Mescitler örgütleme merkezi
Gençler Hanifi ile Haznedar’da bulunan Kemal Kaya İlköğretim Okulu etrafında toplanıyor. IŞİD’in ilçede eleman örgütleme merkezi olarak kullanılan Hz. Hamza Mescidi’nde namaz kılınıyor. Ancak namazın kılınması için imamın mescitten çıkması bekleniyor. Buna gerekçe olarak ise “Devletin imamının arkasında namaz kılmayız” görüşü savunuluyor. Gençler mescitte “din eğitimi ve Kuran kursu” adı altında “cihada” hazırlanıyor.
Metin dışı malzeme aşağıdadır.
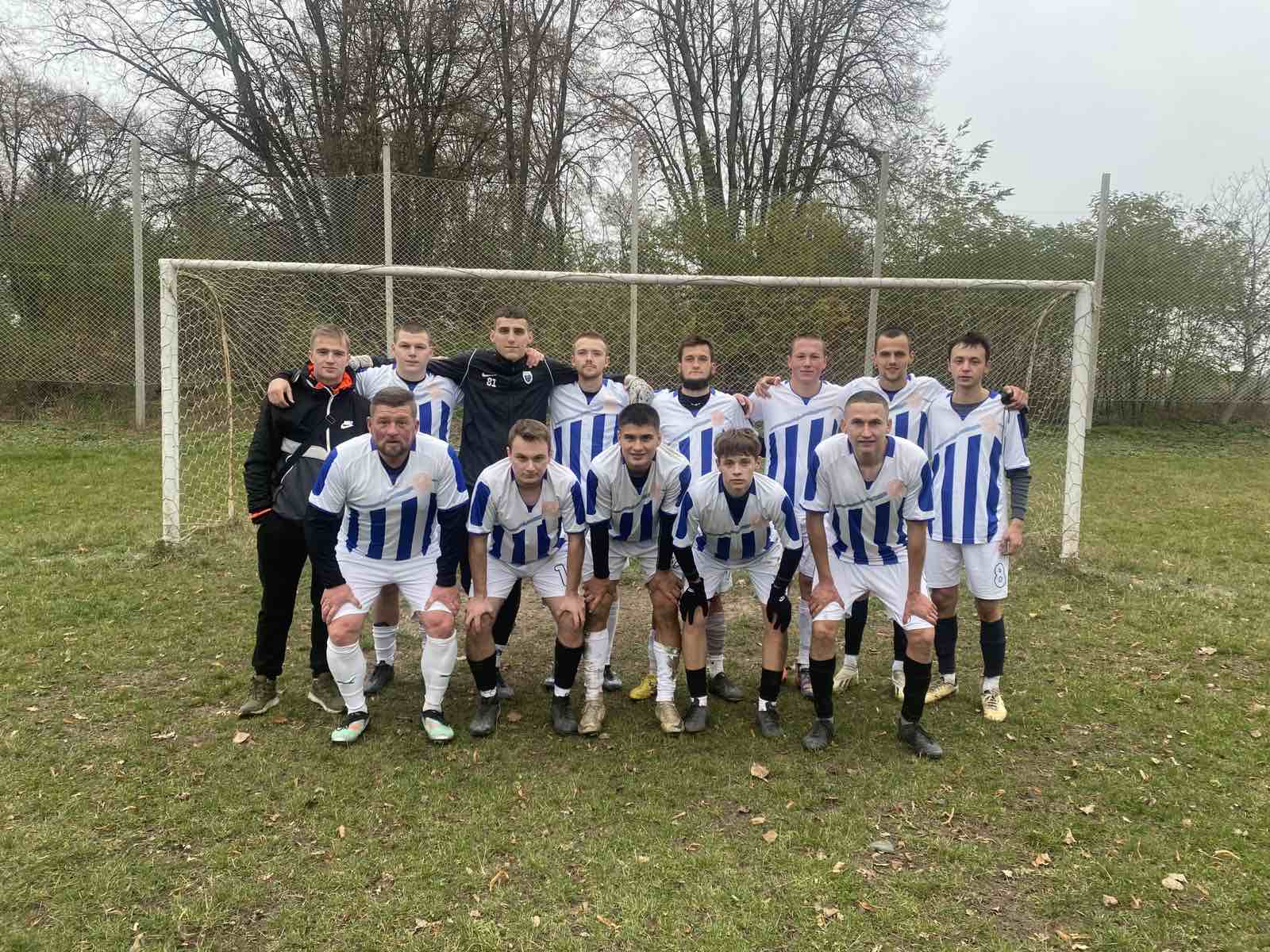 Новини Козятина - фото з Ветерани розібралися з «Ружином» а «Локомотив» з «Медведями»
Emniyet: Bir şey yapamayız
İsimlerini saydığımız gençler yaklaşık bir ay önce gizlice evden kaçarak Suriye’ye gitti. Kimi ailesine telefonla ulaşıp “Gaziantep’teyim Suriye’ye gidiyorum” dedi, kimisi de bir not bırakarak uzaklaştı. Gençlerin aileleri şimdi her yolu deneyerek çocuklarına ulaşmaya çalışıyor. Emniyete giden ailelere “Biz bir şey yapamayız” denildiği ifade ediliyor.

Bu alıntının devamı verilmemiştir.